Why should anyone outside the room care? This is the bit students most often leave too late. Because this course studies differences across people and groups, your "so what" should name the subgroup with the strongest estimated treatment effect (from your policy tree) and one practical or ethical issue that would matter before anyone acted on the result.

BandDescriptor
A rangeNames the population, the size of effect that would matter in practice, who might act on the result, and the assumption that would change the conclusion if it failed. Describes the strongest-response subgroup in plain language. Names one issue such as fairness, proxy variables, consent, cost, or who gets to decide.
B rangeNames a plausible audience and decision. Mentions the size of the effect, but does not anchor it well. Names the strongest-response subgroup. The practical or ethical issue is present, but needs more detail.
C rangeSays the result is important without saying who would use it. Subgroup or ethics is tacked on at the end. The "so what" is generic, for example "this matters for wellbeing".
D / EThe "so what" is missing, or just says the topic is interesting. No subgroup content and no practical or ethical issue.

4. Response to the panel question (2.5%)

How well does the speaker handle one question after the talk? You may ask one brief clarifying question before answering. This is not a trap; it is a chance to show you understand your own argument.

BandDescriptor
A rangeListens to the question, checks understanding briefly, and answers directly. If the answer is uncertain, says so and names what evidence would help. The response deals with the question rather than replaying the talk.
B rangeAnswers the question asked. Some prepared material comes back in, but the answer still lands. Acknowledges uncertainty where needed.
C rangePartly answers, then drifts into nearby prepared material. Uncertainty is hidden or talked around.
D / EDoes not really answer the question. Repeats earlier material or answers a different question.

A worked "so what" answer

For a talk on religious_service → outcome-wide wellbeing:

"If our estimate is right, encouraging weekly attendance among adults who currently attend less often would lift four wellbeing outcomes by roughly a tenth of a standard deviation each. For a public-health body deciding whether to fund community programmes that lower the cost of regular religious participation, that magnitude is in the range that has justified investment in similar programmes elsewhere. The recommendation depends on conditional exchangeability after adjusting for thirteen baseline covariates plus baseline outcomes; if a strong unmeasured confounder remained — say, a stable disposition we have not measured — the result could be reversed for some outcomes. The E-values say a confounder would need to be associated with both attendance and the outcomes by a risk ratio of at least 1.6 to do that."

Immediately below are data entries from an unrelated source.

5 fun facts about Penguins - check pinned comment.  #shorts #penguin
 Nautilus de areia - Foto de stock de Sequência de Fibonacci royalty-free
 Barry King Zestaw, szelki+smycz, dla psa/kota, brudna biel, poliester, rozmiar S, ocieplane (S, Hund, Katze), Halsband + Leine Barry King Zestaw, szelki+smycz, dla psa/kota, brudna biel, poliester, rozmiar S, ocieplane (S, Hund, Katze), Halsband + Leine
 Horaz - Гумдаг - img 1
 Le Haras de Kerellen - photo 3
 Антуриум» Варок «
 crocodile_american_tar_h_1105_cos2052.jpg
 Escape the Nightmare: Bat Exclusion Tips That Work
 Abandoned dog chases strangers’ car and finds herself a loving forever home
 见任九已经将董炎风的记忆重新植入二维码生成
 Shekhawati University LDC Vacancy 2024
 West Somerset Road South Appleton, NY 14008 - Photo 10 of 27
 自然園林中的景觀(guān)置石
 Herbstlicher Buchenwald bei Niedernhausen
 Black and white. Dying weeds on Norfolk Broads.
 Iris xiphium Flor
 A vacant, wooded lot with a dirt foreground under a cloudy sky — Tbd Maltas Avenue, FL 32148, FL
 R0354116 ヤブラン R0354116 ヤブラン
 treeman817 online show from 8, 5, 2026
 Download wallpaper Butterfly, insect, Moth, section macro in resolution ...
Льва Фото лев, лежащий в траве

This answer names the population (adults who currently attend less often), the magnitude (a tenth of a standard deviation, four outcomes), the decision-maker (a public-health body), the decision (whether to fund community programmes), and the assumption that would change the answer (conditional exchangeability, with an E-value benchmark).


Common pitfalls

  • Spending the first three minutes on background and never reaching the estimand.
  • Drawing the DAG without naming the adjustment set it implies.
  • Reporting only standardised effects, with no sense of whether the effect is big enough to matter.
  • Reading from notes word for word. Notes are allowed; karaoke is not the goal.
  • Treating the panel question as a personal attack. It is just part of the assessment.

Practical checklist

Preparation

  • Rehearse the opening sentence until it is short and clear.
  • Plan the whiteboard layout in advance (left third for the DAG, centre for the estimand, right for the result).
  • Time yourself: aim for eight minutes, leaving two for breathing room.
  • Anticipate one likely panel question and prepare a one-sentence answer.
  • Re-read the Reporting Guide for terminology consistent with the course.